The National Pool Industry Research Center is expanding its facility to broaden the testing it can offer.

This new phase involves adding a free-standing swimming pool to the current setup, which will allow NPIRC to take on more research projects, or protocols.

“We want to enhance the scope of research that is done there,” says Greg Garrett, chairman of NPIRC’s Advisory Board. “We’re getting more and more requests for independent research that can’t be done because of the way our existing pools are configured.”

The center was established in 2003 on the campus of California Polytechnic State University, San Luis Obispo and includes 12 pools, two spas and two pool/spa combinations.

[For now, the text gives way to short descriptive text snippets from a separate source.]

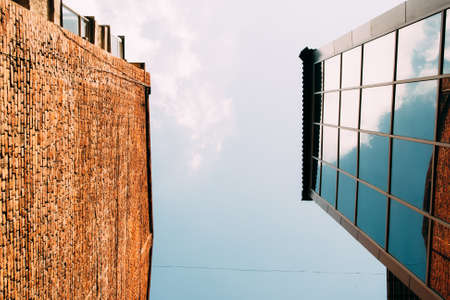 Modern glass and brick buildings, view from below. Blue sky in frame of two houses. Present and old architecture conceptの写真素材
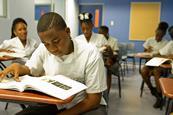 Photo of a student/s in a classroom reading.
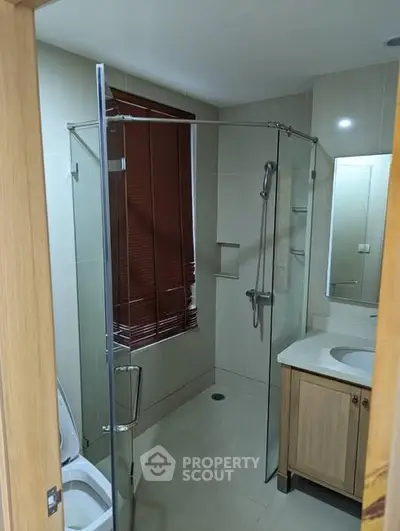 Modern bathroom with glass shower enclosure and wooden vanity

The expansion also will enable certain types of studies to be completed that currently aren’t possible with the original pools, which were built inground and share walls.

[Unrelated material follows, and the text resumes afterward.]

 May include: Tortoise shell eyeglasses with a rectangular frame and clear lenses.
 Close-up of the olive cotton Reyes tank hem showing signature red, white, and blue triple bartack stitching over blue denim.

The center itself and most testing to date have been funded by the National Plasterers Council. Because of this, the original pools were built primarily to test finishing materials and the chemistry that affects them. With the new vessel, other parts of the industry can be served.

“I believe we will become the research institute for the entire swimming pool industry,” says Damian Kachlakev, director of NPIRC and a professor of civil engineering at Cal Poly. “I believe this is good for everybody.”

The center already is headed in that direction as it prepares to embark on a research project for the Independent Pool & Spa Service Association. The study hasn’t started, so Kachlakev couldn’t discuss the details.

One main objective for the new pool is enabling it to accommodate manufacturers that have requested testing of their hydraulic components. NPIRC plans to construct the new vessel so that many of its hydraulic elements can be removed and replaced.

“The current pools are all shotcreted in place, so they don’t really have the configuration to do that, unless you jackhammer and tear up structures,” Garrett says.

To accomplish this, the NPIRC board expects the new vessel to sit above the ground, with much or all of the plumbing exposed.

Additionally, Garrett says, the pool will probably have at least one vanishing edge, so various finishing materials and waterproofing membranes can be tested simultaneously for long-term adhesion.

NPIRC officials also are planning a hot tub chamber for testing the efficiency of spas, which the group hopes to have completed by the end of the year.

“[We’re envisioning something] the size of a small room,” Kachlakev says. “The idea is to separate the spa from the external environment and measure the energy exchange between this controlled environment inside the chamber and outside.”

Looking beyond this expansion, Kachlakev says NPIRC may grow in the future to accommodate, among other things, studies to find ways to use home air-conditioning units to heat pools and pool water to cool homes. This research most likely would be funded by energy companies or government agencies, he adds.